Story reported in UT San Diego on Friday February 17, 2012 by UT staff writer Mike Lee
Secretary of State Hillary Rodham Clinton on Thursday issued an international “call to action” on climate and air pollution influenced heavily by research at UC San Diego, launching a new phase in efforts to avoid the worst effects of global warming.
Clinton unveiled a fast-attack plan against methane, soot and other atmospheric pollutants that are said to account for 40 percent of climate change and worsen air quality even though they remain in the atmosphere for just a matter or days or years.
She was joined Thursday in Washington by international environmental leaders in what some described as a modest but critical six-nation stand against global warming agents that have gotten much less attention than carbon dioxide.
“It’s the first formal recognition by a group of developing and developed countries that we need to target the non-CO2 climate forcers to get fast mitigation while we continue our deliberate pace with the global negotiations that focus primarily on CO2,” said Durwood Zaelke, president of the Institute for Governance and Sustainable Development in Washington, D.C. “We need to scale up the coalition and funding immediately.”
Two local researchers who have spent their careers studying the role of atmospheric pollutants played a leading role in drawing attention to problems posed by short-lived gases and particles: Veerabhadran Ramanathan, a climate and atmospheric scientist at Scripps Institution of Oceanography, and Mario Molina, a Nobel laureate in UC San Diego’s chemistry department. They formally framed the fast-action approach in a top-tier science journal three years ago.
The scientists said the world can buy time to trim carbon dioxide emissions — a major political and practical challenge that’s likely to take decades. The idea is to prevent the global climate from reaching a “tipping point” in which irreversible atmospheric changes create a doomsday scenario. It’s not clear when that would happen and some doubt it ever will.
“I have been working on this for 35 years, so for me it was such a historic moment,” Ramanathan said after the State Department event in which his work was cited. “What is significant here is that we have found common ground among all the nations. … It not only helps climate change, it gets rid of the brown clouds (of air pollution over Asia) and saves millions of lives and crop damage. It’s hard to argue against.”
Last year, a team of scientists working with the United Nations concluded that taking 16 actions targeting black carbon and methane could cut the rate of global warming in half over 40 years. While all regions of the world would benefit, researchers said, countries in Asia would see the biggest health and agricultural gains from emissions reductions.
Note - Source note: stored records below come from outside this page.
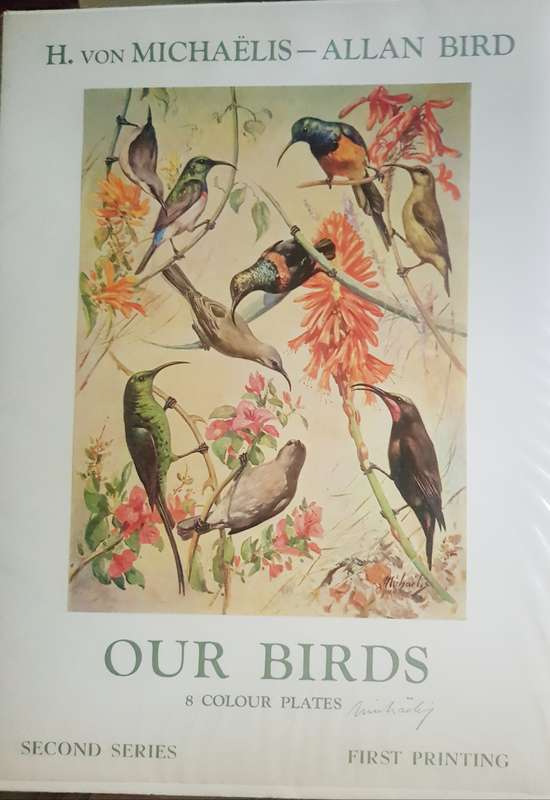 BIRDS OUR BIRDS SIGNED FIRST PRINTING H von MICHAELS BIRDS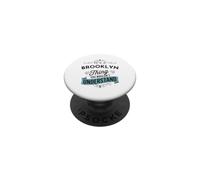 C'est Un Truc de Brooklyn Que tu ne comprendrais Pas drôle PopSockets PopGrip Adhésif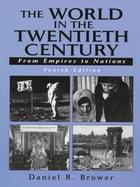 The World in the Twentieth Century: From Empires to Nations cover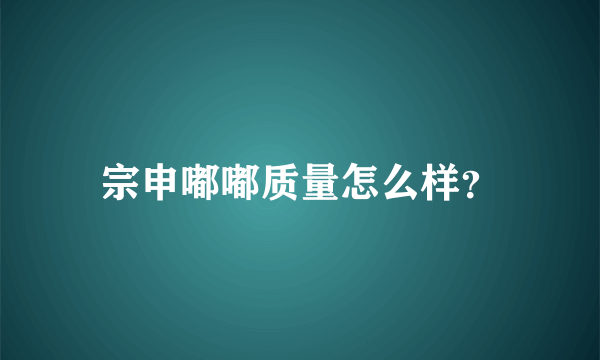 宗申嘟嘟质量怎么样？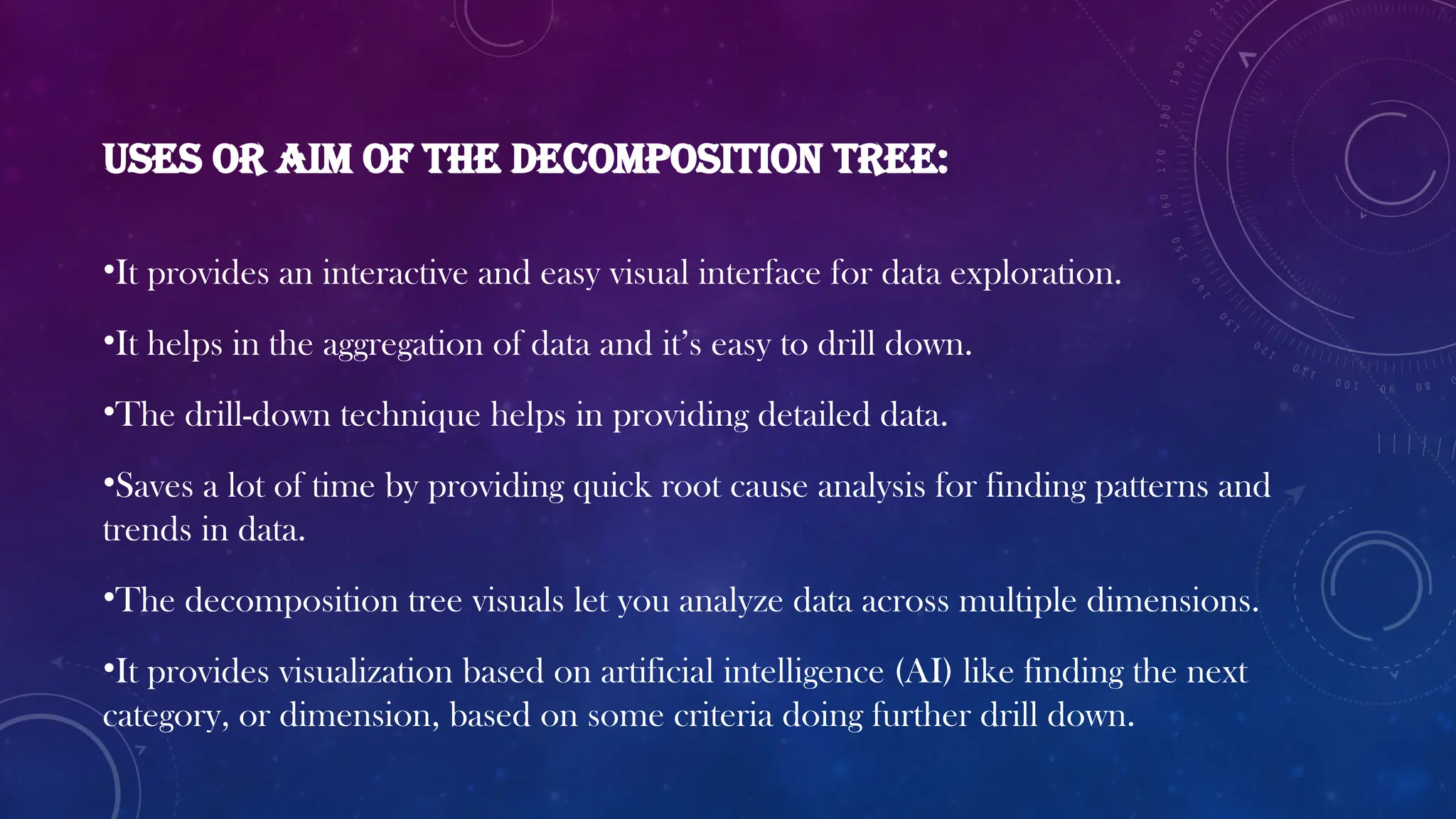 Uses or aim of the decomposition tree:
•It provides an interactive and easy visual interface for data exploration.
•It helps in the aggregation of data and it’s easy to drill down.
•The drill-down technique helps in providing detailed data.
•Saves a lot of time by providing quick root cause analysis for finding patterns and
trends in data.
•The decomposition tree visuals let you analyze data across multiple dimensions.
•It provides visualization based on artificial intelligence (AI) like finding the next
category, or dimension, based on some criteria doing further drill down.
 
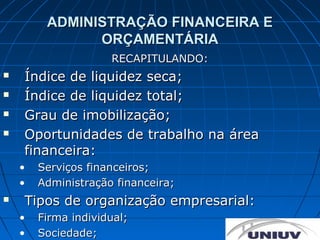 ADMINISTRAÇÃO FINANCEIRA E
               ORÇAMENTÁRIA
                     RECAPITULANDO:
   Índice de liquidez seca;
   Índice de liquidez total;
   Grau de imobilização;
   Oportunidades de trabalho na área
    financeira:
    •   Serviços financeiros;
    •   Administração financeira;
   Tipos de organização empresarial:
    •   Firma individual;
    •   Sociedade;
 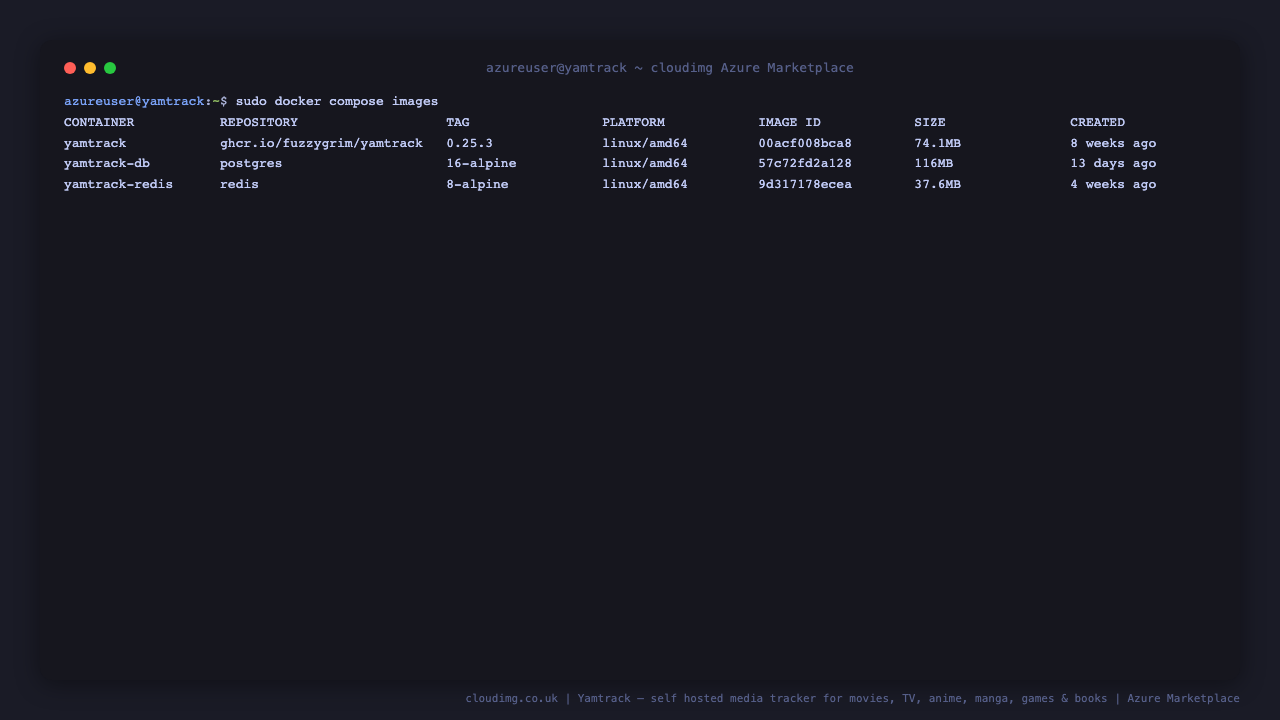The docker compose images output listing the pinned ghcr.io fuzzygrim yamtrack 0.25.3 app image, the postgres 16-alpine database image and the redis 8-alpine image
Non-CO2 pollutants individually are less significant than carbon dioxide and come from multiple sources. That makes attacking them less straightforward than reducing emissions from power plants and autos, the main sources of carbon dioxide, which lingers aloft for centuries.
The upside is that existing technology can sharply reduce non-CO2 climate pollutants. For instance, black carbon can be reduced by adopting more diesel particulate filters on vehicles and by deploying clean-burning cookstoves. Other improvements can be made by capturing methane at landfills and coal mines around the world, using less-polluting refrigerants and managing agricultural waste to reduce the release of gases.
“Historically this non-CO2 approach has enjoyed broad political support from conservatives, businesses and public health advocates,” Zaelke said. “(It) has the potential to expand the coalition involved in fighting climate change and to build momentum for a pragmatic climate effort.”
Clinton’s coalition includes six countries — three from the developing world and three from the developed world — and the United Nations Environment Programme. The nations are the United States, Mexico, Canada, Sweden, Bangladesh and Ghana. The secretary said the effort launched with $15 million, but in remarks provided by the State Department, she didn’t detail how it would be spent.
Even though the initial amount of money is modest, Ramanathan is using his stature to push for complementary efforts by top officials in India, China and elsewhere. He also has spent years developing ways to cut soot pollution from home cooking fires in India.